Aram did two sets of Dálava during his residency, one with a full band and one as a guitar/vocal duet. I saw the one with a full band, which was Aram Bajakian on guitar; Julia Ulehla doing vocals; Tom Swafford and Jake Shulman Ment playing violins; Frank London on trumpet; Shanir Blumenkranz on bass; and Ted Reichman on accordion. (It was funny since I’d had a fairly random interaction with someone the previous night on the subway, and said something about there not being enough good music written for accordions. And the very next night: great music with an accordion! Wish: granted.) I’d seen Dálava’s New York premiere a few months ago, and although I enjoyed that first show, I thought this set at the Stone was by far the better of the two. The attentive, appreciative audience at the Stone and the intimate space makes everything better, and I think the band was just feeling it more this time. The music is an unusual blend of old Eastern European folk music and modern downtown New York sensibility. Very interesting stuff. (Check it out here.)

The duo set with Alan Semerdjian was really very special; Alan would recite poems (written by him as well as some poems by Armenian writers, translated into English, in tribute to the 100th anniversary of the 1915 Armenian genocide) while Aram played music to underscore and illustrate the texts. The poetry was excellent and thought-provoking, and the solo guitar accompaniment was beautiful. I would love to hear more of this collaboration, it really worked well and was an emotionally powerful experience.

The solo set of music inspired by “The Color of Pomegranates” was also a very special set. He performed it twice; I attended the second one. The audience was pretty small – I guess there aren’t so many people in this city craving solo guitar scores for avant-garde foreign films at 11 o’clock on a Thursday night, go figure! – but I think every last one of us was very glad we were there. Gorgeous, thoughtful, dreamy solo guitar music that made effective use of pedals and amps in ways I hadn’t heard before. If you closed your eyes you would have had a hard time believing there was just one guitarist in the room. You won’t get the full effect of that late-night set in a darkened East Village venue, but check out a sample of this music here:

You can pre-order the album here if you like that – Aram said it should be out in the next few months. I am really looking forward to it.

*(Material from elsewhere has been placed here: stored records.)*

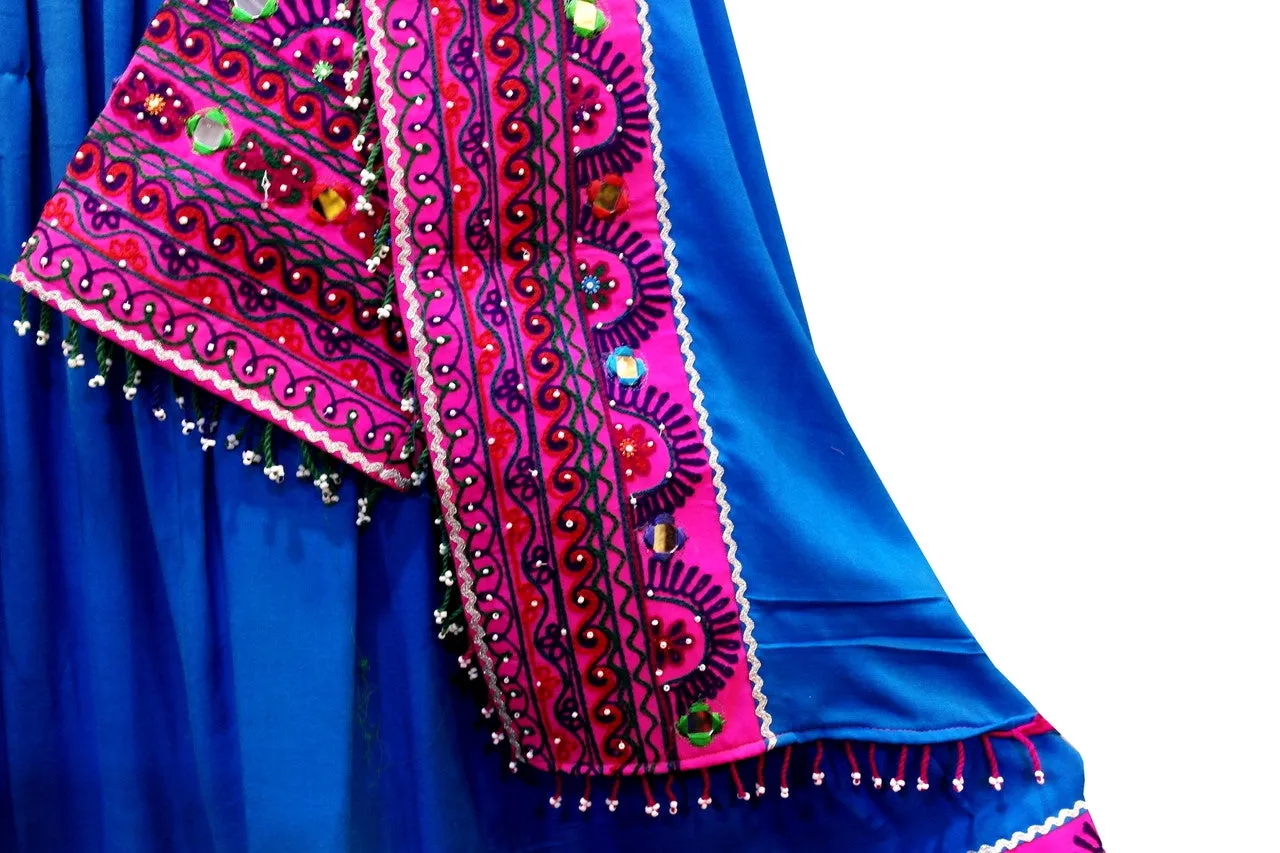 Muslimah Fashion Afghan Clothes In LIght Blue Persian Wedding Frocks
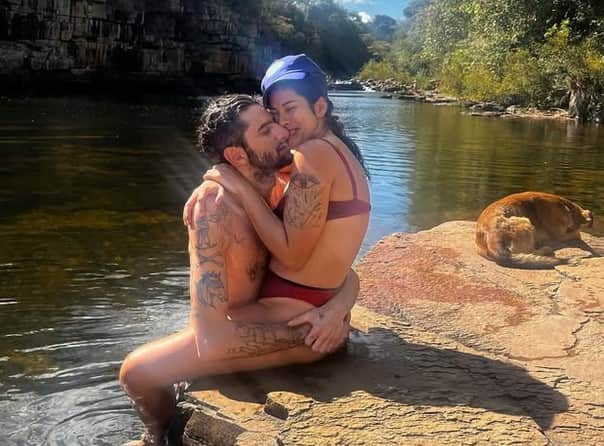 Bernardo Mendes e a esposa Marute Viana (Foto: Reprodução / Instagram) Bernardo Mendes e a esposa Marute Viana (Foto: Reprodução / Instagram)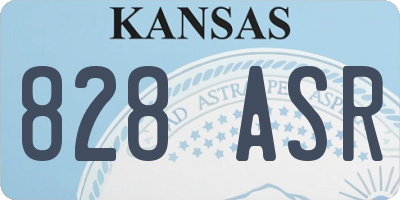 KS license plate 828ASR
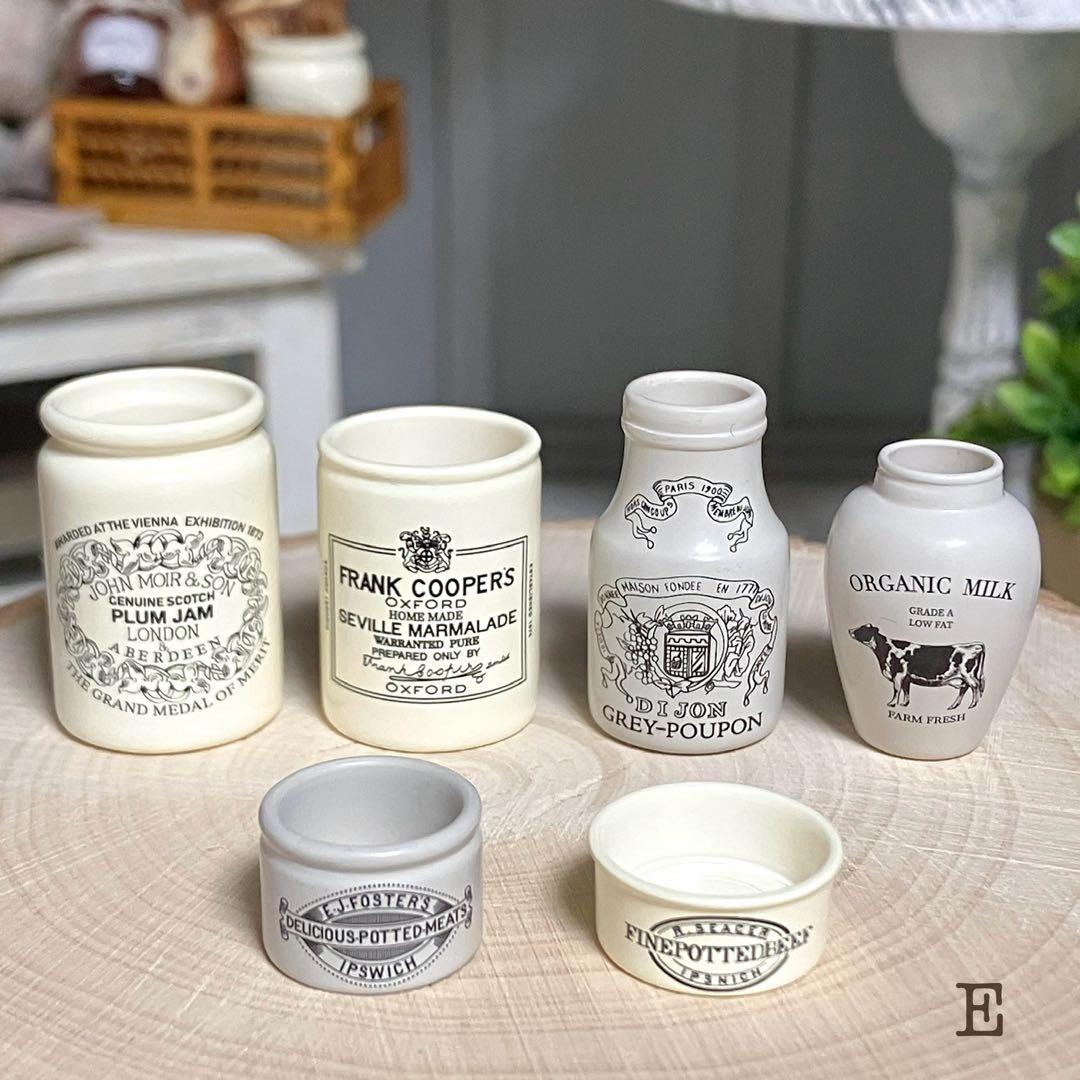 専用ページ　ご確認用　ミニチュアキッチン雑貨　キャニスター、ポット　西洋雑貨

I saw some more guitar fireworks at the Stone the previous week, during Yuka Honda’s residency. I went to a couple of those sets, both featuring guitarist Nels Cline and a variety of other musicians, but the one that blew my mind was “Breath Grips,” described as ‘The interpretation of the music of Death Grips mashed with breath core.’ The band: Marc Ribot and Nels Cline on guitars, Jordyn Blakey on drums, Yuka Honda on bass and Taeji Sawai on electronics. (Toru Urakawa was doing something with video, but I have to admit I wasn’t looking at it very much – some of the segments were flickering/flashing fast enough to be a migraine trigger for me, so I had to avoid watching too much. Sometimes I don’t think I’m cut out for the avant garde art scene…) I got there really early and got the front row seat that was oddly placed almost in the middle of the band. I’ve yet to find a seat that’s too close for me, what can I say? 😉 I love being enveloped in the music like that.

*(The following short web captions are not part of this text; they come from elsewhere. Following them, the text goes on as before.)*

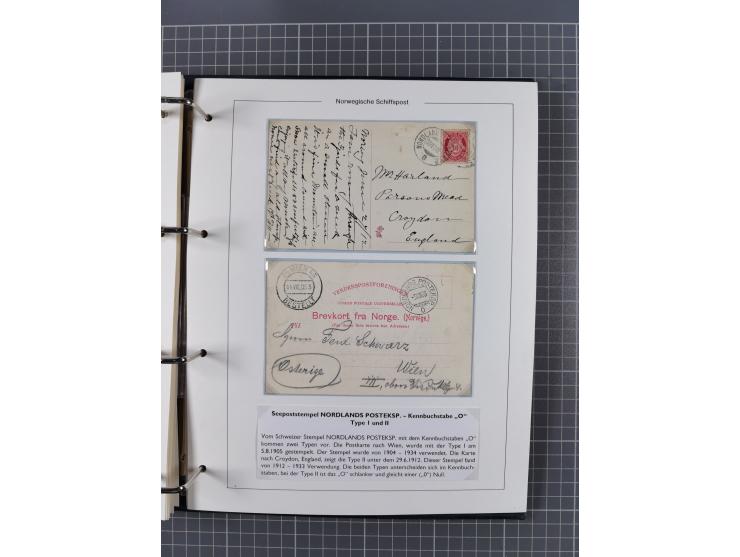 NORWEGEN: 1838/1980 (ca.), umfangreiche Sammlung “Norwegische Schiffspost” mit ca. fast 700 Briefen, Karten und GSK bis ca. 1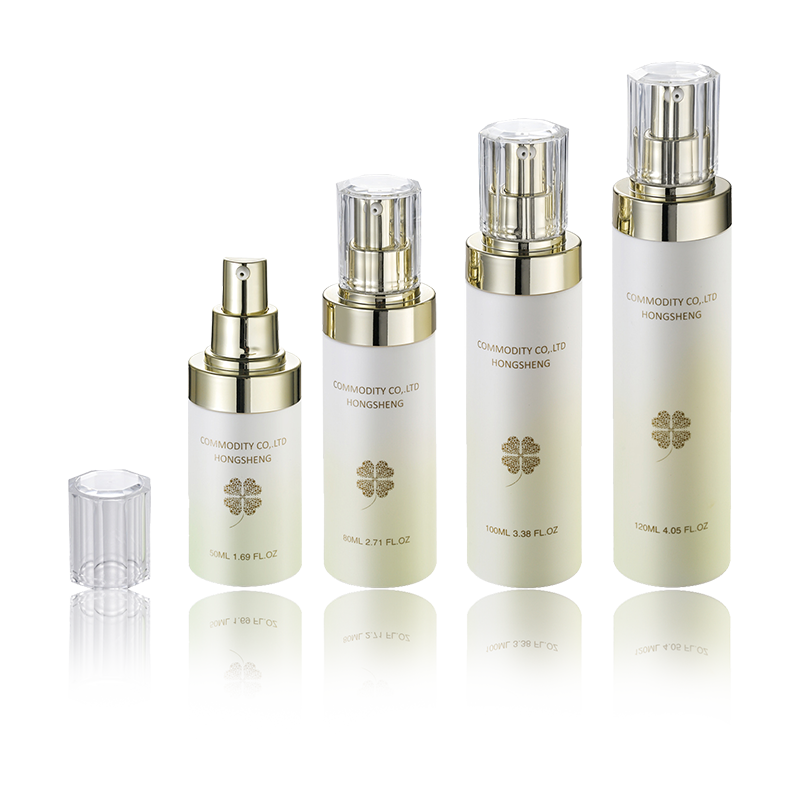 Bouteille sans air tactile sensible à la lumière 50ML-120ML-HS-017F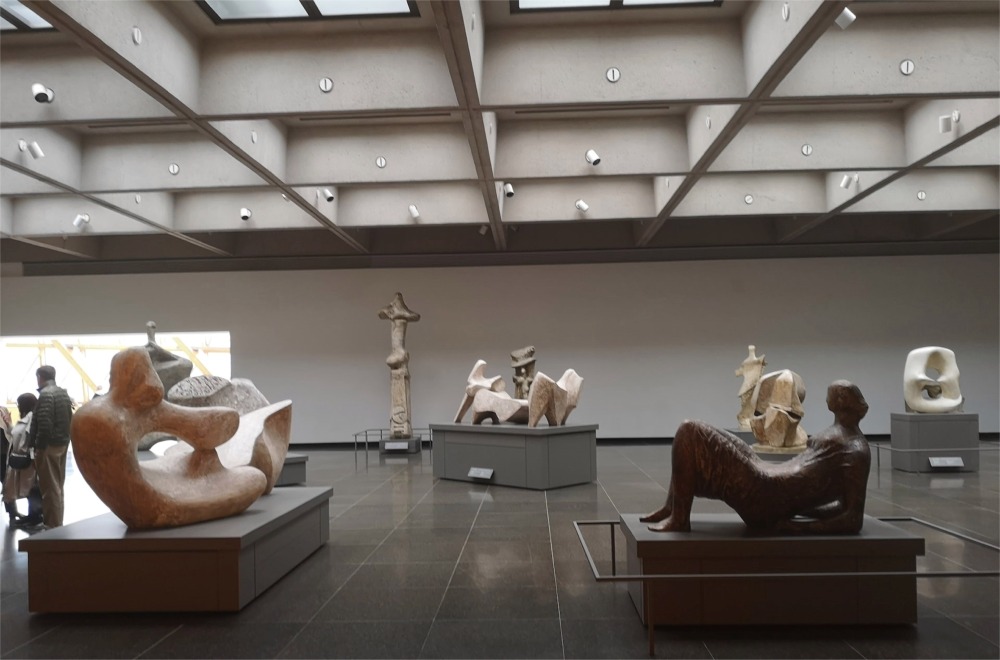 Photograph of Sculptures in the Henry Moore Sculpture Centre at the Art Gallery of Ontario in Toronto Canada.
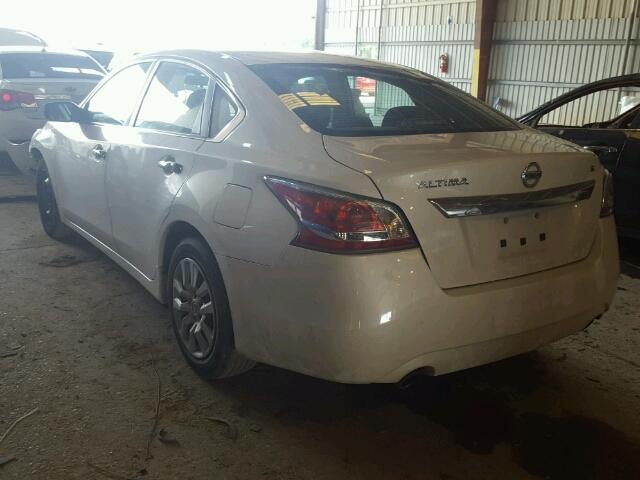 1N4AL3AP8FN359896 - 2015 NISSAN ALTIMA 2.5 WHITE photo 3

Now, when I say the show blew my mind, I’m not kidding. It was the kind of show where, afterwards, random strangers in line for the bathroom turn to you and say “Wasn’t that AMAZING?!” And it wasn’t just good, it was unusual and unexpected and mind-expanding in all kinds of ways. I don’t know if I’ve ever heard anything quite like it. I really didn’t know what to expect going in, and if I’m being 100% honest, I had pretty low expectations, figuring it would be a heavy noisefest and not that much fun. But I went anyway, because when you’re an experimental music fan, you’re willing to roll the dice with musicians and composers that you trust to make worthwhile art. In the end, it was not what I expected at all, and it was a TON of fun as well as challenging and fascinating. It was definitely noisy, but there was a lot of melody and rhythm and they managed to walk that tightrope, rocking our collective face off while teetering over the abyss of chaotic noise. Like the musical equivalent of extreme sports: it’s a lot of fun to witness and participation can be exhilarating, but at the back of your mind you know if things go wrong someone’s going to end up with a brain injury.

I won’t try to post a video or audio clip because there’s nothing out there that sounds like that show, but do check out Nels Cline’s tour schedule (click here) as well as Marc Ribot’s (click here) and get yourself a little live guitar magic.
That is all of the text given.